The data must be copied over exactly and in full.

··· Dataset

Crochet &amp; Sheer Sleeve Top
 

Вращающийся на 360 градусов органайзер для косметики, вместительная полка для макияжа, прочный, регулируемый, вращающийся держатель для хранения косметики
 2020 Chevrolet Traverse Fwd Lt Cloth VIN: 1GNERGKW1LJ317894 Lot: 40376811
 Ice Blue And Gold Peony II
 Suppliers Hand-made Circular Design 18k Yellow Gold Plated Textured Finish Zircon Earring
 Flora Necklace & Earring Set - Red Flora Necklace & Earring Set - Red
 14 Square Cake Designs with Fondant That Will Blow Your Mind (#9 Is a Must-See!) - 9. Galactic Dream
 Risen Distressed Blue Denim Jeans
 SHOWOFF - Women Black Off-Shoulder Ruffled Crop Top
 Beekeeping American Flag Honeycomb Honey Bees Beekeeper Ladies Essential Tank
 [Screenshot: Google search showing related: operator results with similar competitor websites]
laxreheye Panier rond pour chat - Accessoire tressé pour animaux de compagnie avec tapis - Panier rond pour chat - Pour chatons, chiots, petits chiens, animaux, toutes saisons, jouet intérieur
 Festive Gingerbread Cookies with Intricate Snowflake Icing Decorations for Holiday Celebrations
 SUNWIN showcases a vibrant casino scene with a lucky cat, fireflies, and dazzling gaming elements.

······

Output:
Crochet &amp; Sheer Sleeve Top
 

Вращающийся на 360 градусов органайзер для косметики, вместительная полка для макияжа, прочный, регулируемый, вращающийся держатель для хранения косметики
 2020 Chevrolet Traverse Fwd Lt Cloth VIN: 1GNERGKW1LJ317894 Lot: 40376811
 Ice Blue And Gold Peony II
 Suppliers Hand-made Circular Design 18k Yellow Gold Plated Textured Finish Zircon Earring
 Flora Necklace & Earring Set - Red Flora Necklace & Earring Set - Red
 14 Square Cake Designs with Fondant That Will Blow Your Mind (#9 Is a Must-See!) - 9. Galactic Dream
 Risen Distressed Blue Denim Jeans
 SHOWOFF - Women Black Off-Shoulder Ruffled Crop Top
 Beekeeping American Flag Honeycomb Honey Bees Beekeeper Ladies Essential Tank
 [Screenshot: Google search showing related: operator results with similar competitor websites]
laxreheye Panier rond pour chat - Accessoire tressé pour animaux de compagnie avec tapis - Panier rond pour chat - Pour chatons, chiots, petits chiens, animaux, toutes saisons, jouet intérieur
 Festive Gingerbread Cookies with Intricate Snowflake Icing Decorations for Holiday Celebrations
 SUNWIN showcases a vibrant casino scene with a lucky cat, fireflies, and dazzling gaming elements.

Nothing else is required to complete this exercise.